• GIVEN INFORMATION:

= = = = =

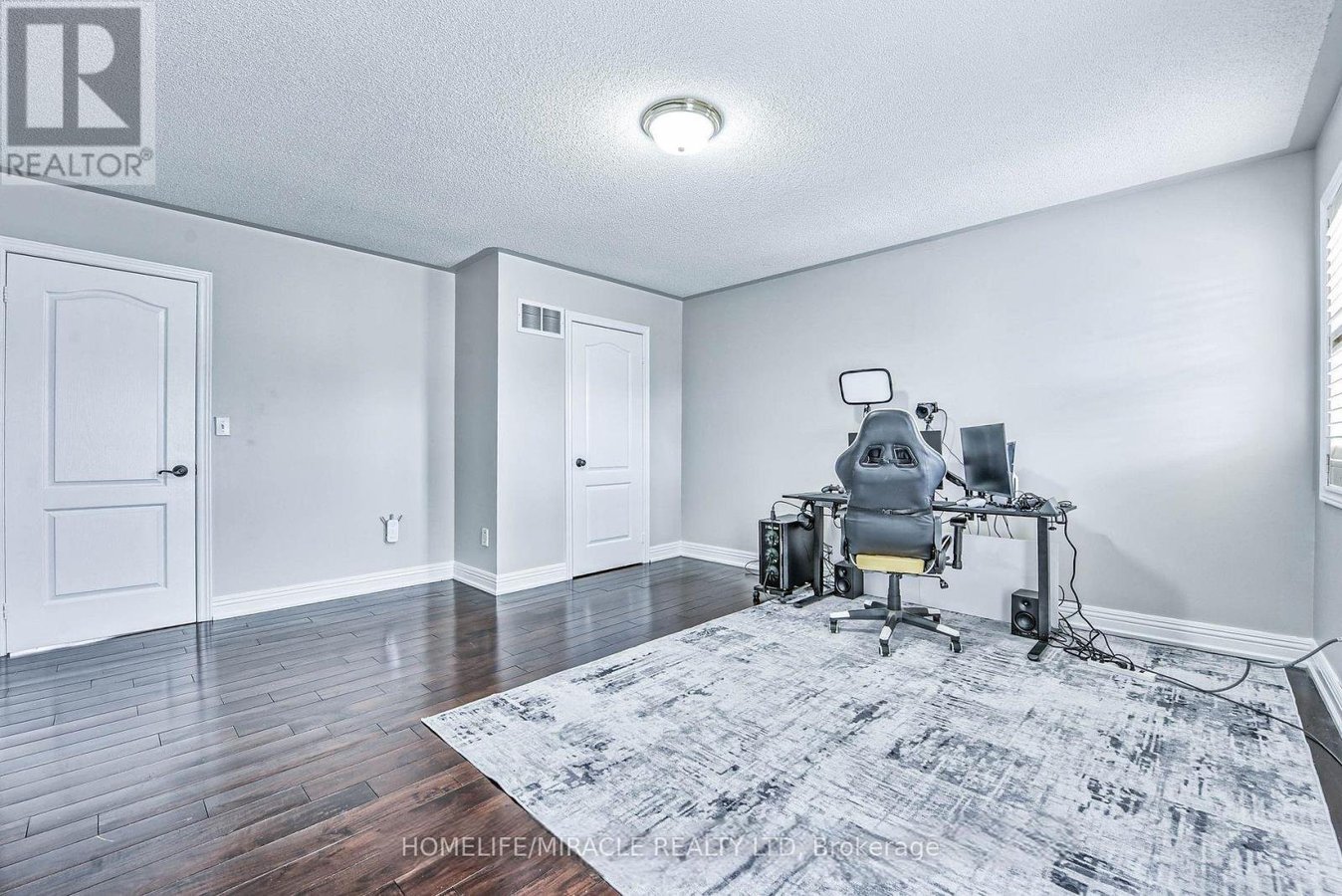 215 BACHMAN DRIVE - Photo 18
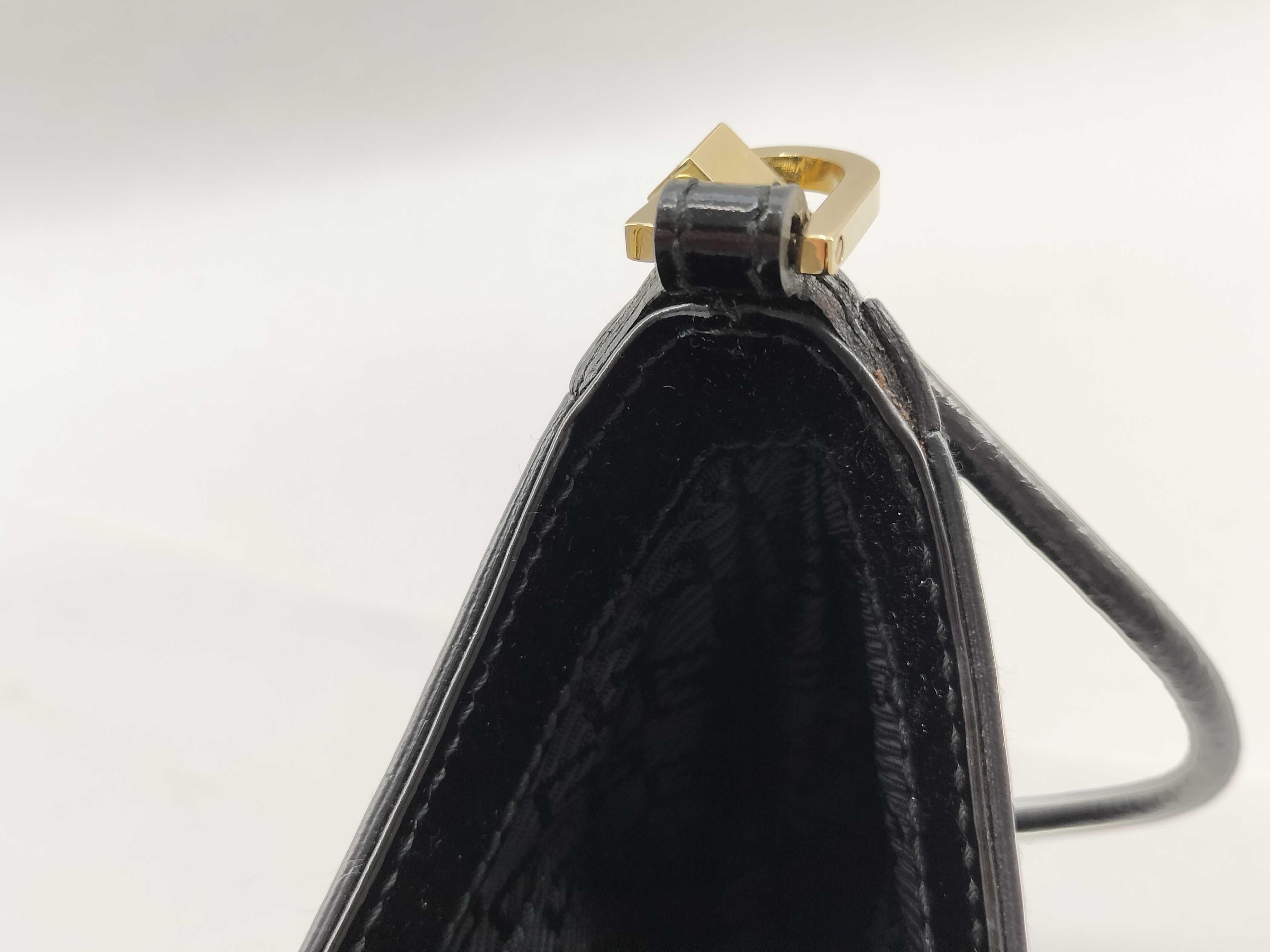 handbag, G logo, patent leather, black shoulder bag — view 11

= = = = =

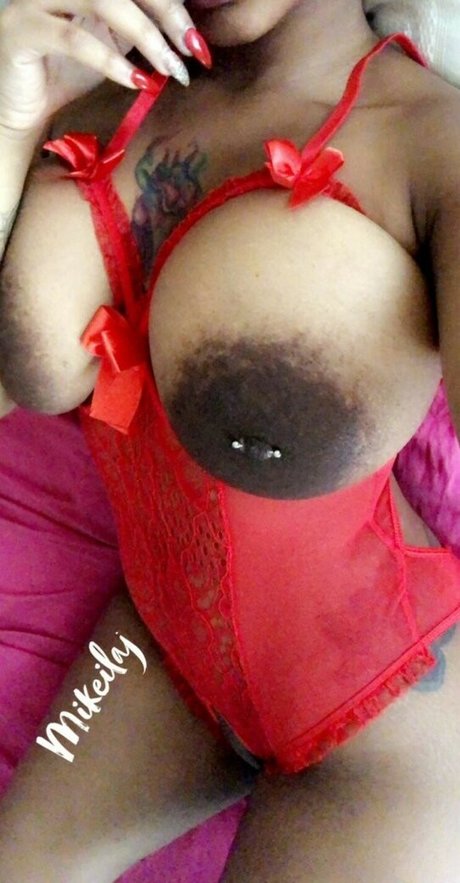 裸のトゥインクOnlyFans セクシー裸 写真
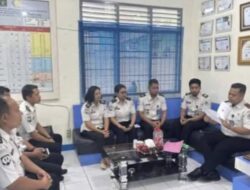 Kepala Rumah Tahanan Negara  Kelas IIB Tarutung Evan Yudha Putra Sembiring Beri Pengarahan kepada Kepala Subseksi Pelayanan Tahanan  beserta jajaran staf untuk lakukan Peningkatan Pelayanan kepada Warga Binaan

= = = = =

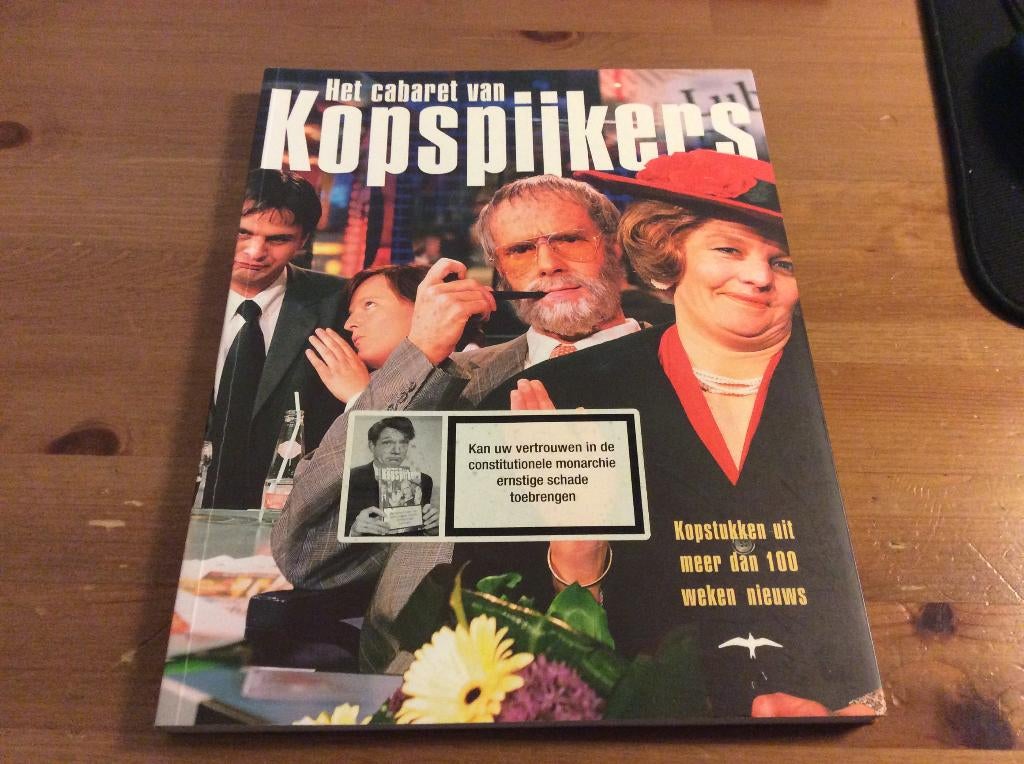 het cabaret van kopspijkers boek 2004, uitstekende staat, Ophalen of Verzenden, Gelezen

= = = = =

• YOUR GOAL:
Pictures excluded, give again exactly and only the lines of the material above from the line with "215 BACHMAN DRIVE - Photo 18" through the line with "handbag, G logo, patent".

• RESPONSE:
 215 BACHMAN DRIVE - Photo 18
 handbag, G logo, patent leather, black shoulder bag — view 11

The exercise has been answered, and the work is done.